The DCM anatomical model was built from specific hypotheses about the amygdala and the ventral ACC as key neural structures for the processing and recognition of emotional faces (Adolphs et al., 1999; Broks et al., 1998; Calder et al., 2001; Hornak et al., 2003). A 10 mm sphere ROI was created in the left amygdala by using the local maximum for each participant that was the nearest voxel to the activation peak in the left amygdala defined by the whole group cluster (Supplementary Table 1). For the ventral ACC, a 15 mm sphere ROI was defined using the local maxima for each subject that was the nearest voxel to the activation peak identified by the PPI analysis (see Results section, Analysis of effective connectivity 1: PPIs in the General Linear Model).

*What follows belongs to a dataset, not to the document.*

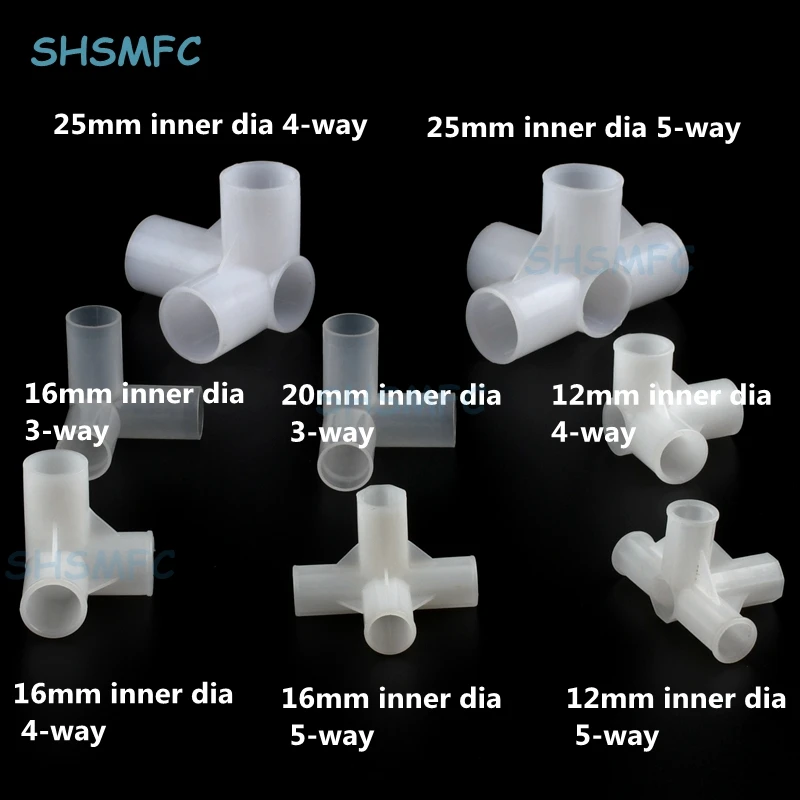 2-10Pcs Plastic Inner Diameter 12mm 16mm 20mm 25mm PE Tee Connector Four Five Way Joint Pipe Adapter Wardrobe Fittings Shelf DIY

The intrinsic connections (connectivity regardless the main effect of the task, DCM Bilinear matrix A value; see Fig. 2) were modelled as bidirectional in accord with anatomical evidence showing that the ventral ACC projects to the amygdala and vice versa (Aggleton et al., 1980; Amaral and Price, 1984; Ghashghaei et al., 2007; McDonald and Mascagni, 1996).
The modulation by the emotion of faces was included as a bilinear effect expressing the contextual moderator (i.e. anger versus neutral context; DCM Bilinear matrix B value; see Fig. 2). A significant effect of the bilinear variable on connectivity indicates a PPI (Friston et al., 2003).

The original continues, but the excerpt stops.